TRY IT.
Quote the lines below from the one containing "〇●レクセル湘南平塚●〇 | 前面道路東側から見た外観" to the final line, both ends included; exclude the pictures.

Saved entries.
--- START ---

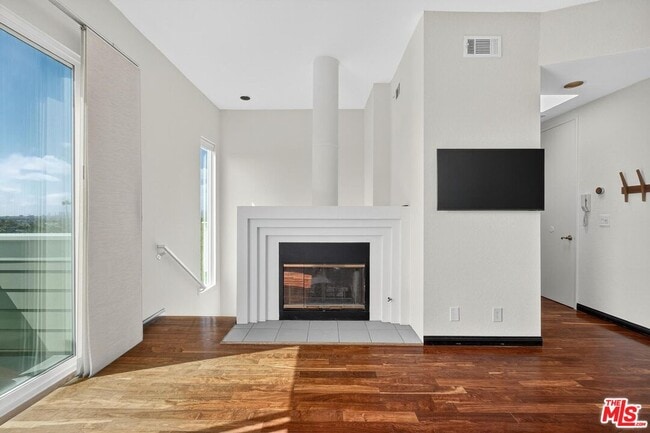 Building Photo - 1653 Micheltorena St Unit 3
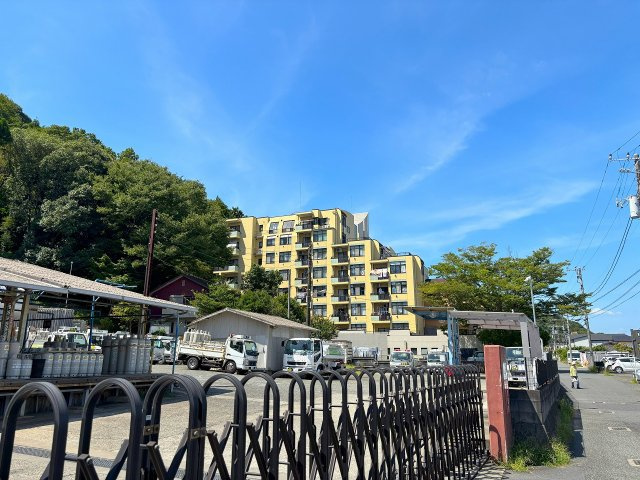 【外観】 | 〇●レクセル湘南平塚●〇 | 前面道路東側から見た外観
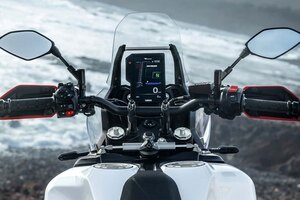 2026 Yamaha Ténéré 700 World Raid Midnight Black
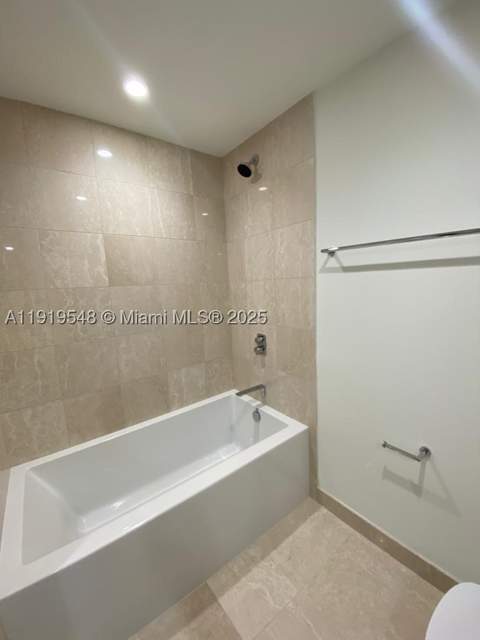 1000 Brickell Plz 3207, Miami FL - photo 21 of 23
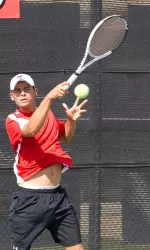 Raony Carvalho won first opening set and is foreced to retire with arm injury in third set.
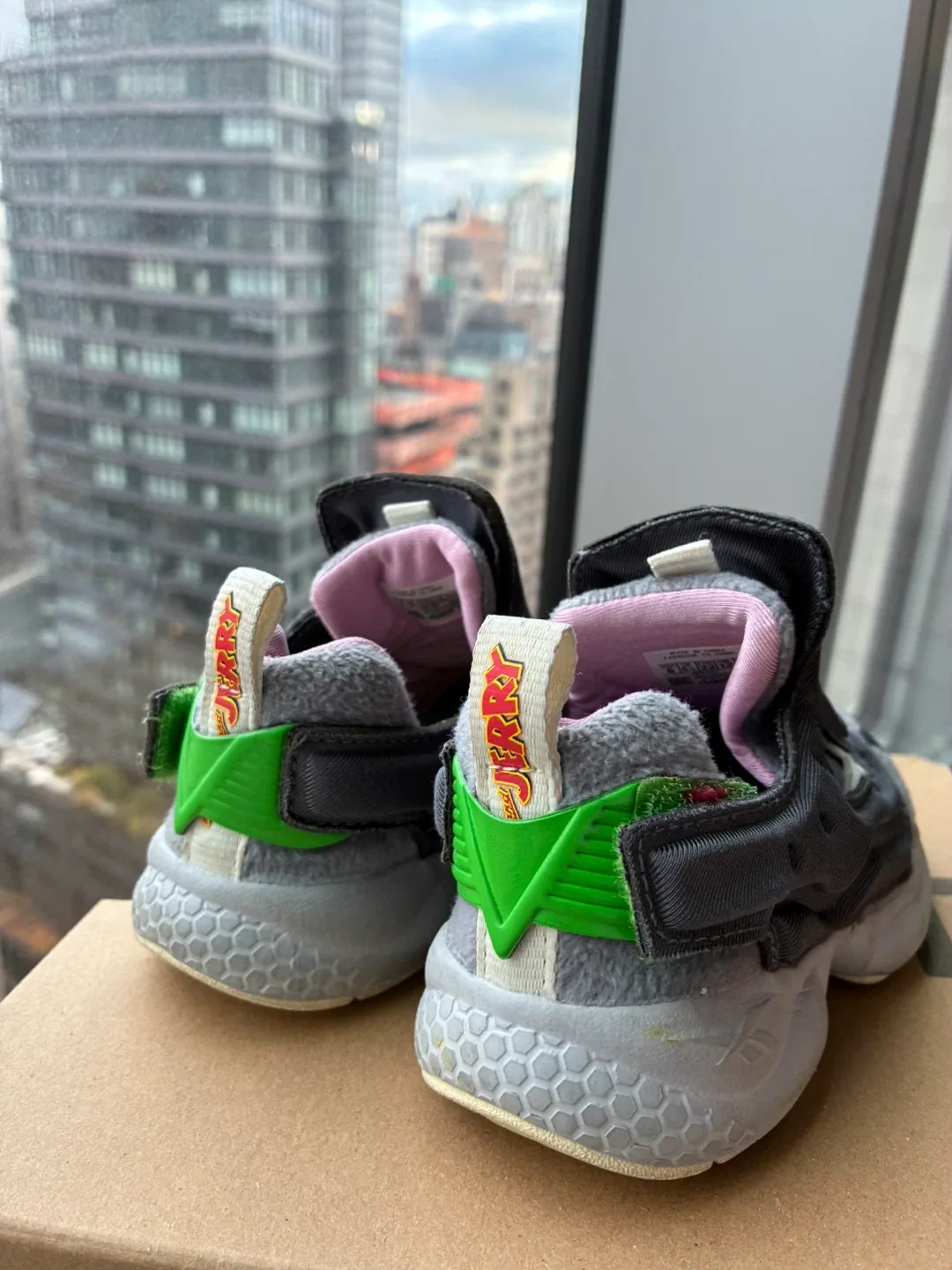 KiDS Reebok x Tom & Jerry Instapump Fury Toddler Shoes sz 6 image indicator(3)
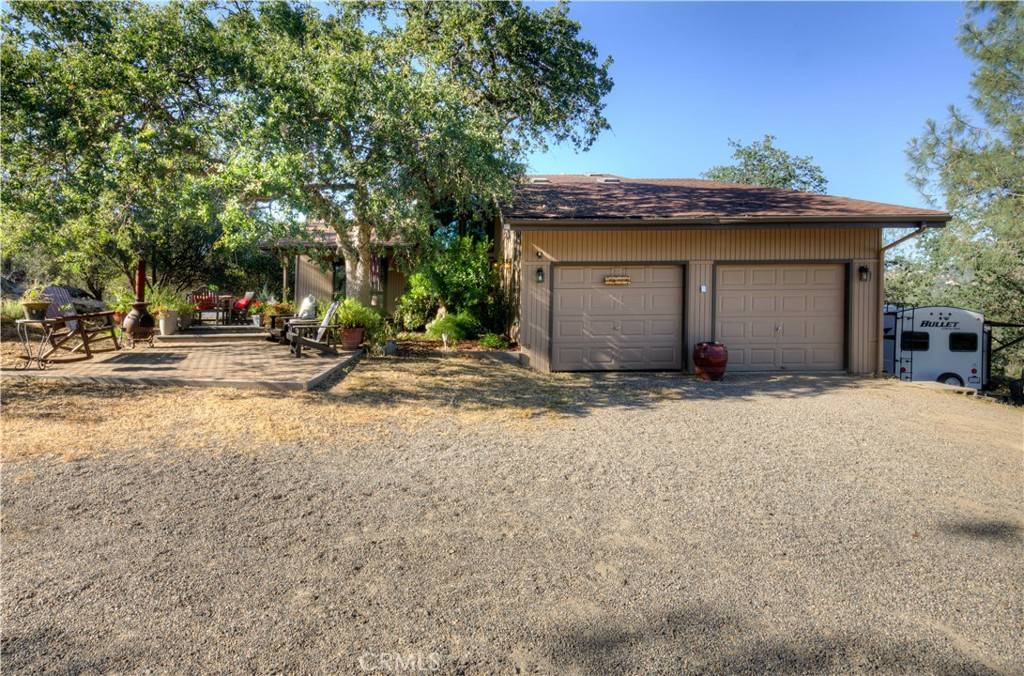 Coarsegold, CA 93614,42197 Wild Stallion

--- END ---

RESULT.
 【外観】 | 〇●レクセル湘南平塚●〇 | 前面道路東側から見た外観
 2026 Yamaha Ténéré 700 World Raid Midnight Black
 1000 Brickell Plz 3207, Miami FL - photo 21 of 23
 Raony Carvalho won first opening set and is foreced to retire with arm injury in third set.
 KiDS Reebok x Tom & Jerry Instapump Fury Toddler Shoes sz 6 image indicator(3)
 Coarsegold, CA 93614,42197 Wild Stallion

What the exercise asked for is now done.